Supercharger

[Zimmerdylan]

As a casual flier, I don't always take a lot of time to learn the specifics of many of the functions of these planes.

I fly, and if everything seems to work OK, I don't usually take it much further than that.

However, I really want to pull as much power and agility out of the Mustang as I can. And was wondering how the supercharger effects the performance of the plane. Does it help while in a dogfight? And when is the best time to set it to high or low performance?

I know that many of you guys use it, and understand it's properties very well. So could anyone shed some light on this subject for me??

 

Thx!!!

[Nerd1000]

As a casual flier, I don't always take a lot of time to learn the specifics of many of the functions of these planes.

I fly, and if everything seems to work OK, I don't usually take it much further than that.

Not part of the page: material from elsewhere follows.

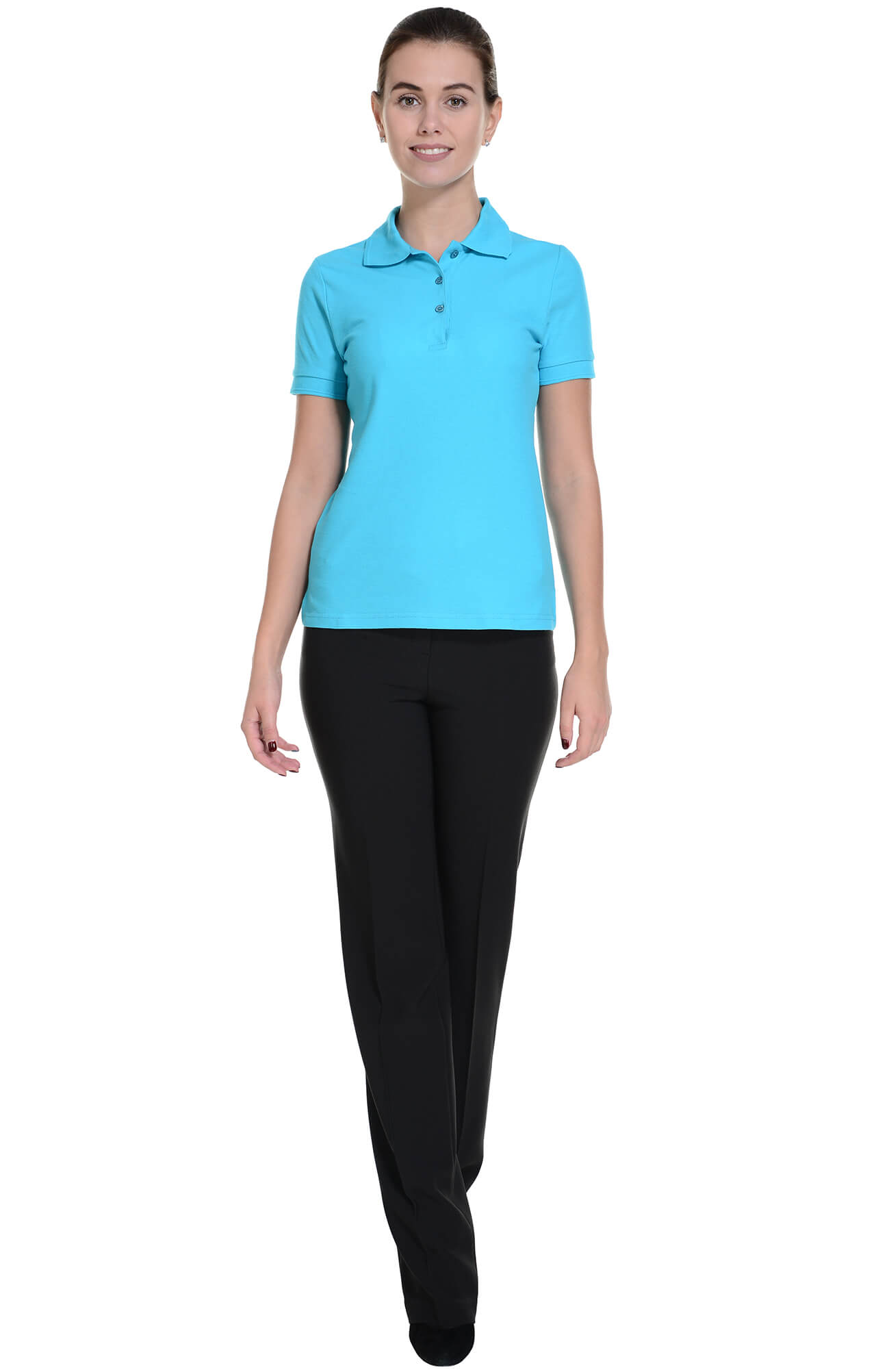 62175 Тенниска-поло женская бирюзовая LUXE  Одежда для салонов красоты  размер XS  - Вид №4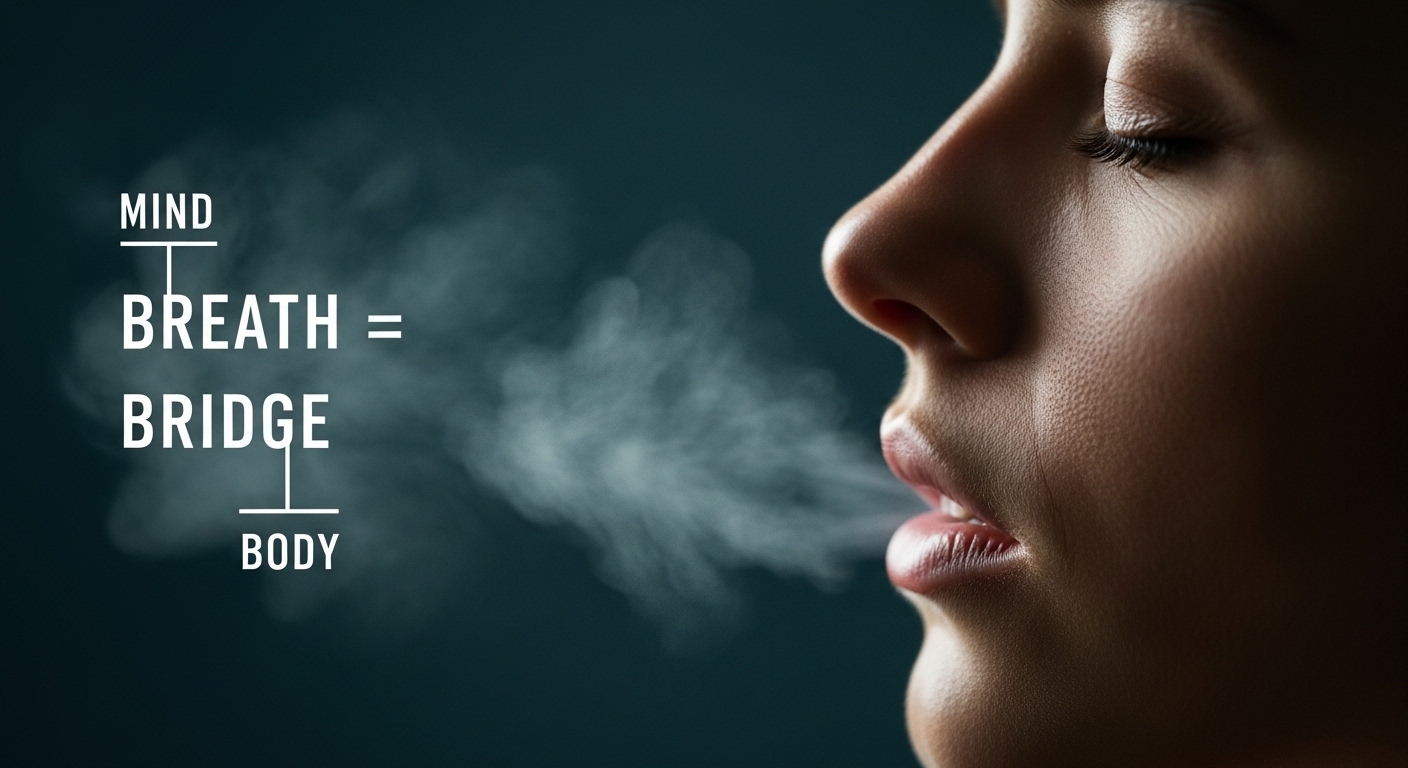 Close-up profile of person practicing controlled breathing with visible breath showing mind body connection for pre workout focus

However, I really want to pull as much power and agility out of the Mustang as I can. And was wondering how the supercharger effects the performance of the plane. Does it help while in a dogfight? And when is the best time to set it to high or low performance?

I know that many of you guys use it, and understand it's properties very well. So could anyone shed some light on this subject for me??

 

Thx!!!

 

The supercharger is a crank driven compressor that increases pressure in the intake manifold of the engine. It is always on and is a vital part of the engine, so it definitely helps in a dogfight :).

 

Essentially the supercharger exists for two reasons: 1, it shoves more air and fuel into the cylinders, resulting in bigger explosions and thus more power. 2, it helps compensate for the decreasing density of the air as you climb.

 

Because it's intended for use at altitude the supercharger is oversized for sea level, and if it were to run at full speed at sea level would provide far too much boost (the increase in the pressure in the intake manifold), causing the engine to knock. This can be countered by throttling back, but that reduces power. The Merlin 60 series engine found in the Mustang reduces this issue by driving the supercharger through a 2-speed gearbox. The 'low' speed is for use at low to medium altitude, while the 'high' speed is for use at high altitude. There is an aneroid switch (in other words, a barometer) in the engine compartment that switches the supercharger speed automatically at the appropriate altitude.

 

There is also an automatic boost controller that throttles back at low altitude, because the supercharger low speed still produces too much boost when you're flying down low. What this means is that the engine has a 'sawtooth' pattern of power vs altitude, where power increases to a maximum as you climb (due to lower throttling losses), starts to reduce as the plane goes above the 'full throttle height' of the 1st gear, and then power starts to increase towards a second maximum after the engine changes into 2nd gear, before falling away again above the full throttle height of second gear. The plane will perform best at altitudes around the two peaks in power output, and rather badly in the 'dip' between them.

 

Look in the manual for those best altitudes. I don't know them off by heart because I don't fly the mustang- I'm just an aviation nerd who likes Rolls-Royce Merlins.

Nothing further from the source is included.